Yıllardır oğlunun yasını tutan ve geride kalan Terminator’leri avlayarak hayatını geçiren yaşlanmış bir Sarah Connor ise Terminator 2’de bıraktığımız o güçlü ve donanımlı kadın imajını aynen korumakla beraber bir takım göze batan özelliklere bürünmüş. Sarah’ı sürekli mızmızlanan, konuşan ve yeni yetme asker Grace’in bile kale almadığı huysuz ihtiyar bir karaktere dönüştürmüş olmaları biraz can sıkıcı açıkçası. Ayrıca Arnold Schwarzenegger’in hayat verdiği ikonik T-800 ile karşılaşmalarındaki tepkiler, konuşmalar da çok yavan ve geçiştirilmiş. Öyle ki (yine kıyaslayacağım) Terminator 2’de T-800 ile ilk karşılaştığı sahneyi hatırlayınca bu gözüme istemeden de olsa daha yapay geldi. Elbette bu durum Linda Hamilton’ın özelinde değil senaryodan kaynaklı. Durum böyle olunca kendisine verileni hakkıyla oynadığını rahatlıkla söyleyebilirim. Ayrıca aksiyon sahnelerinde hala yeni yetmelere taş çıkaran Linda Hamilton’ın kaya gibi sağlam iradeli Sarah Connor’ı yeniden bizlerle buluşturduğu için ne kadar minnettar olsak az.
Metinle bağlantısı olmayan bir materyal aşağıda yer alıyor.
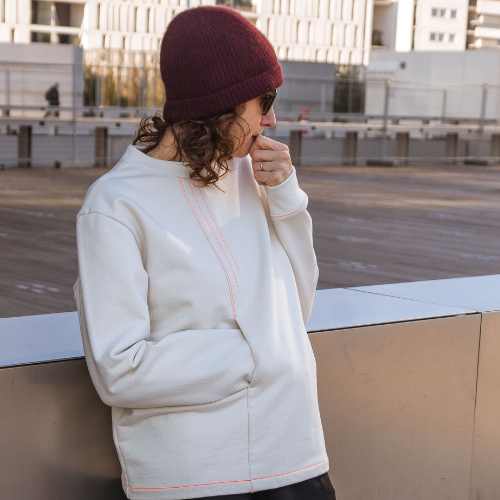 kitac-sweatshirt-graphic-volblanc-adulte-ivoire-penseuse Sophie pensive créatrice de Vol Blanc portant le sweat graphic ivoire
Ve gelelim Terminator evreninin olmazsa olmazı emektar aktör Arnold Schwarzenegger’e. 2009 yapımı Terminator: Salvation’ı saymazsak (kendisi CGI olarak kısa bir sahnede yer aldı) hemen her filmde kendisine yer bulan Schwarzenegger bu filmin de en keskin noktalarından. John Connor’ı öldürdükten sonra misyonunu tamamlamış olan T-800 garip gibi görünse de bir aile kuruyor. Ormanlık arazideki bir evde karısı ve çocuğuyla (kendi çocuğu değil) hayatını sürdürüyor. Tüm bu süreçte her nasılsa Terminator tehlikelerine karşı da gizliden gizliye Sarah’ı uyarıyor ve yönlendiriyor. Bu kısım epey kafa karıştırıcı çünkü misyonu tamamlanmış bir T-800’ün gelecekten nasıl haberdar olduğuna, Rev-9’a dair nasıl bilgi edindiğine dair herhangi detaylı bir bilgi verilmiyor. Ancak her daim böyle bir olayın gerçekleşeceğini bilirmişçesine karısı ve çocuğu ile de vedalaşmayı ihmal etmiyor.
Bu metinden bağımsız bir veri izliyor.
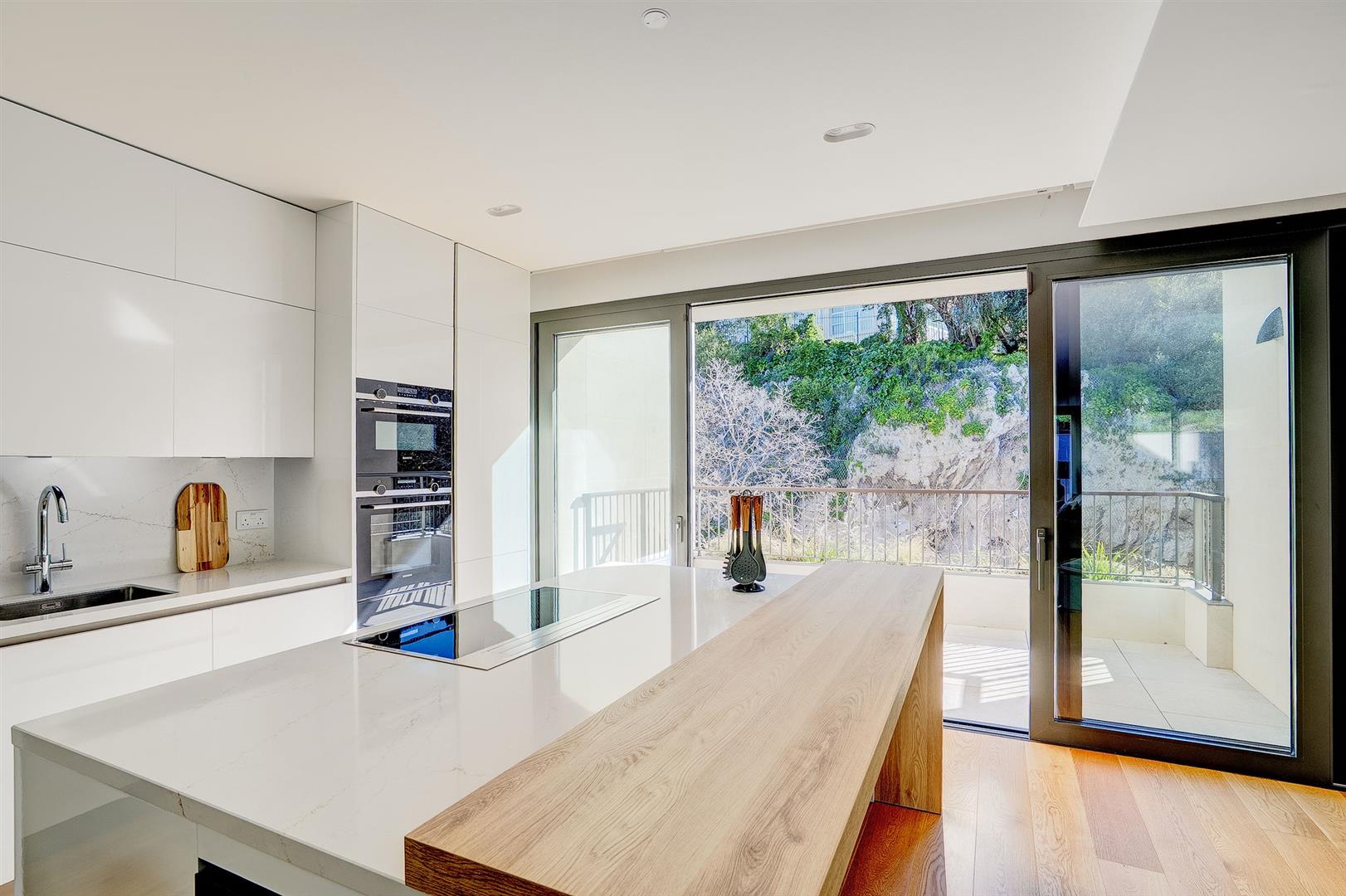 Image of House - 4 Bedrooms - 2 Bathrooms for Sale in North Gorge-Gibraltar, Image 7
Bunun yanı sıra zaman içerisinde insanlarla empati kurma yeteneğine haiz olan T-800 maalesef pek inandırıcı gelmiyor. Sürekli Sarah Connor’ı anlıyormuş gibi gözüken, merhamet dolu ifadeler takınan bir sayborgun yıllar içerisinde bu tip insani değerleri alabilmesi şahsım adına göze batıyor. (Perdeci olmasını saymıyorum bile) Schwarzenegger’in işlevini yerine getirip aksiyon sahnelerinin hakkını vermesi ve Sarah ile yeniden buluşup bize nostalji yaşatması dışında hala Terminator’un yok sayılan bölümlerinde yer alan portresi ile karşımıza çıktığını düşünüyorum. Ayrıca artık bu bölümden sonra Schwarzenegger’in de Terminator dosyasını kapatması gerektiğinin sinyalleri fazlasıyla belirgin.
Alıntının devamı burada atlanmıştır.